Kata kuncinya, rasional-lah dalam menimbang berat-ringannya amar putusan Pengadilan Negeri. Tentu saja, syarat yang paling utama ialah : permohonan pencabutan permohonan upaya hukum banding ataupun kasasi tersebut, diajukan sebelum perkara banding atau kasasinya diputus oleh Pengadilan Tinggi ataupun oleh Mahkamah Agung.
PEMBAHASAN:
Sebagai cerminan konkret, untuk itu SHIETRA & PARTNERS dapat merujuk penetapan Mahkamah Agung RI perkara permohonan pencabutan upaya hukum kasasi register Nomor 2722 K/Pdt/2012 tanggal 2 Oktober 2014, sengketa antara:
- PT. MOUNTBATTEN RESORTS INDONESIA, sebagai Pemohon Kasasi, semula selaku Pelawan; melawan
1. I MADE WIRANATHA; 2. DAVID DARGAVILLE HOSKING; 3. EDDY NYOMAN WINARTA, S.H., Notaris/PPAT, selaku Para Termohon Kasasi dahulu Terlawan I, II, III.

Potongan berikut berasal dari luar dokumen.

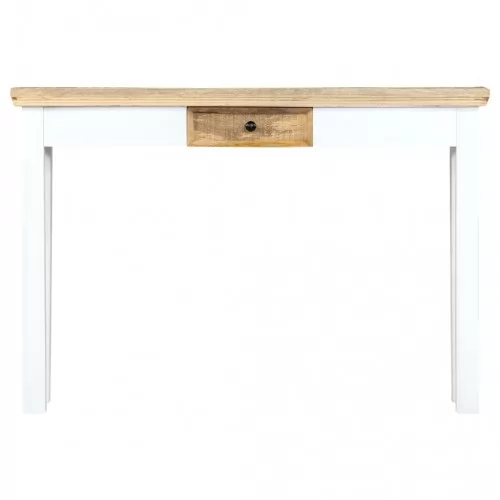 Конзолна маса, бяло и кафяво, 110x35x75 cм, манго масив ➤ топ цена ➤ sorbe.bg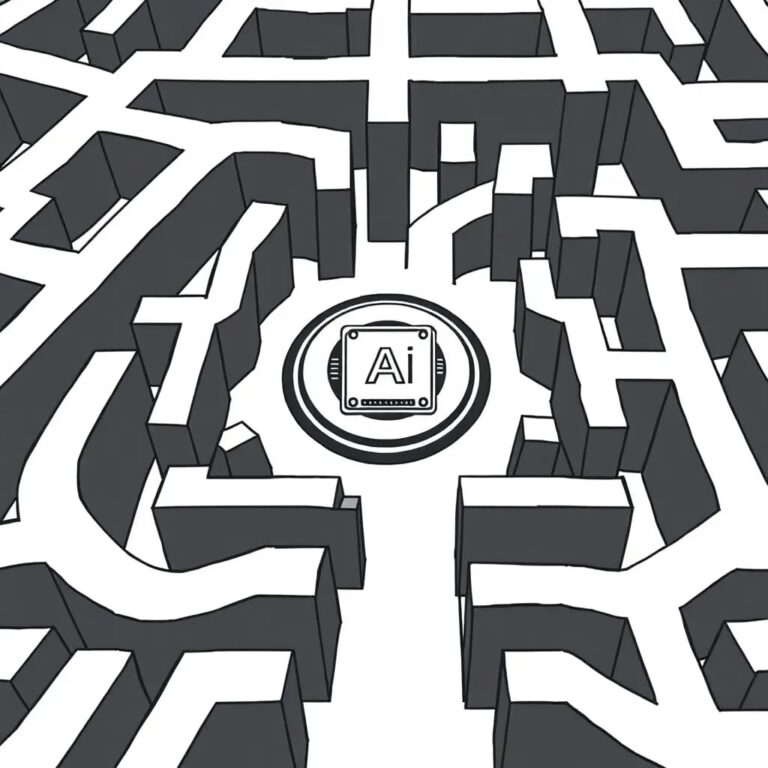 A labyrinthine maze with multiple overlapping paths, each ending at a single, central AI processor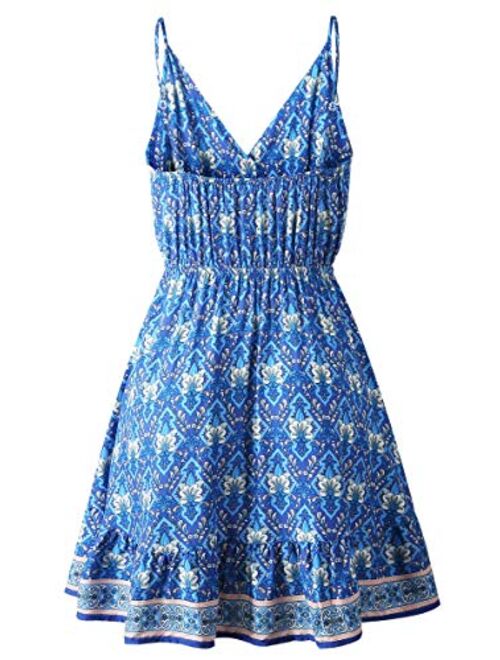 Angashion Womens Summer Casual Floral Spaghetti Strap V Neck Boho Button Backless Mini Swing Skater Dress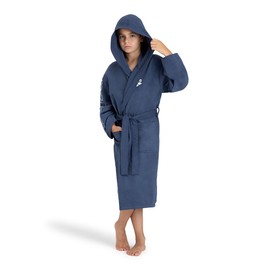 arena Zeal Plus Junior Boys' and Girls' Microfibre Bathrobe, Microfibre Bathrobe with Hood and Pockets, Unisex Quick-drying Bathrobe, Comfortable and Lightweight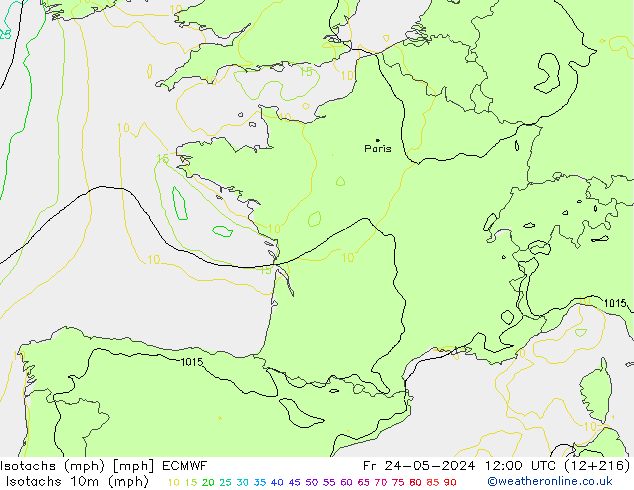 Isotachs (mph) ECMWF Fr 24.05.2024 12 UTC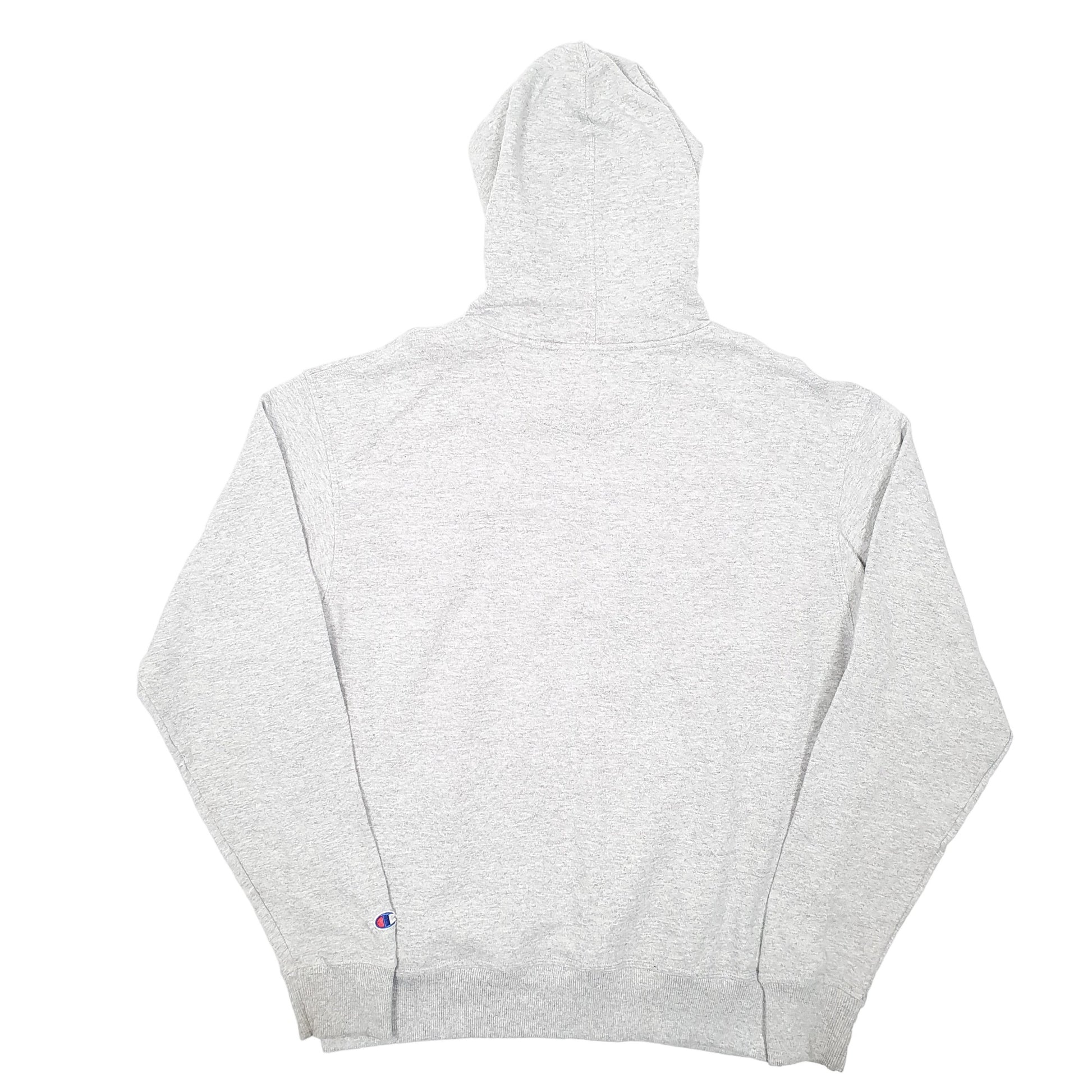 Mens Grey Champion Spellout Hoodie Jumper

Semula pihak Pelawan mengajukan upaya hukum kasasi, namun kemudian mengajukan permohonan pencabutan kasasi, dimana terhadapnya Mahkamah Agung membuat pertimbangan serta amar penetapan sebagai berikut:
“Membaca Surat Pencabutan Permohonan Kasasi Nomor 312/ Pdt.Plw/2010/PN Dps, tanggal 26 November 2012 yang dibuat oleh Panitera Pengadilan Negeri Denpasar yang pada pokoknya menerangkan bahwa PT. Mountbatten Resorts Indonesia, bermaksud untuk mencabut permohonan kasasi yang telah diajukan pada tanggal 20 Februari 2012 terhadap Putusan Pengadilan Tinggi Denpasar Nomor 113/PDT/2011/PT.DPS, tanggal 19 Desember 2011 yang telah terdaftar di Mahkamah Agung dengan Register Nomor 2722 K/Pdt/ 2012:
“Menimbang, bahwa permohonan pencabutan kasasi yang diajukan oleh Pemohon Kasasi tersebut telah diberitahukan kepada Para Termohon Kasasi masing-masing pada tanggal 19 Desember 2012;
“Menimbang, bahwa permohonan pencabutan perkara kasasi ini diajukan sebelum perkara kasasinya diputus oleh Mahkamah Agung;
Menimbang, bahwa berdasarkan Pasal 49 Ayat (1) Undang-Undang Nomor 14 Tahun 1985 tentang Mahkamah Agung sebagaimana telah diubah dengan Undang-Undang Nomor 5 Tahun 2004 dan perubahan kedua dengan Undang-Undang Nomor 3 Tahun 2009, maka permohonan Pemohon Kasasi untuk mencabut kembali permohonan kasasinya tersebut dapat dikabulkan;
“Menimbang, bahwa oleh karena permohonan pencabutan kasasi tersebut diajukan setelah berkas perkaranya diterima dan didaftarkan di Mahkamah Agung, maka kepada Pemohon Kasasi dibebankan untuk membayar biaya perkara ini;
M E N E T A P K A N:
1. Mengabulkan permohonan Pemohon Kasasi PT. MOUNTBATTEN RESORTS INDONESIA untuk mencabut kembali permohonan kasasinya yang diajukan terhadap Putusan Pengadilan Tinggi Denpasar Nomor 113/PDT/2011/PT.DPS, tanggal 19 Desember 2011 tersebut;
2. Memerintahkan Panitera Mahkamah Agung Republik Indonesia untuk mencoret permohonan kasasi Register Nomor 2722 K/Pdt/2012 tersebut dari buku register perkara kasasi perdata;
3. Memerintahkan agar berkas perkaranya segera dikirim kembali ke Pengadilan Negeri Denpasar.”
© Hak Cipta HERY SHIETRA.
Budayakan hidup JUJUR dengan menghargai Jirih Payah, Hak Cipta, Hak Moril, dan Hak Ekonomi Hery Shietra selaku Penulis.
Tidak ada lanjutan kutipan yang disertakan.